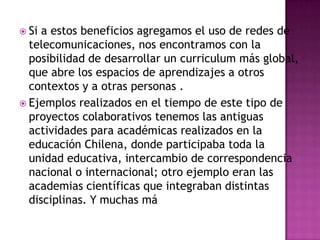  Si a estos beneficios agregamos el uso de redes de
  telecomunicaciones, nos encontramos con la
  posibilidad de desarrollar un curriculum más global,
  que abre los espacios de aprendizajes a otros
  contextos y a otras personas .
 Ejemplos realizados en el tiempo de este tipo de
  proyectos colaborativos tenemos las antiguas
  actividades para académicas realizados en la
  educación Chilena, donde participaba toda la
  unidad educativa, intercambio de correspondencia
  nacional o internacional; otro ejemplo eran las
  academias científicas que integraban distintas
  disciplinas. Y muchas má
◇ ◇ ◇ ◇ ◇
* _Instructions for the task_:
Go through the records above and, whenever a line includes the word "realizados", copy it.

* _Output_:
 Ejemplos realizados en el tiempo de este tipo de
  actividades para académicas realizados en la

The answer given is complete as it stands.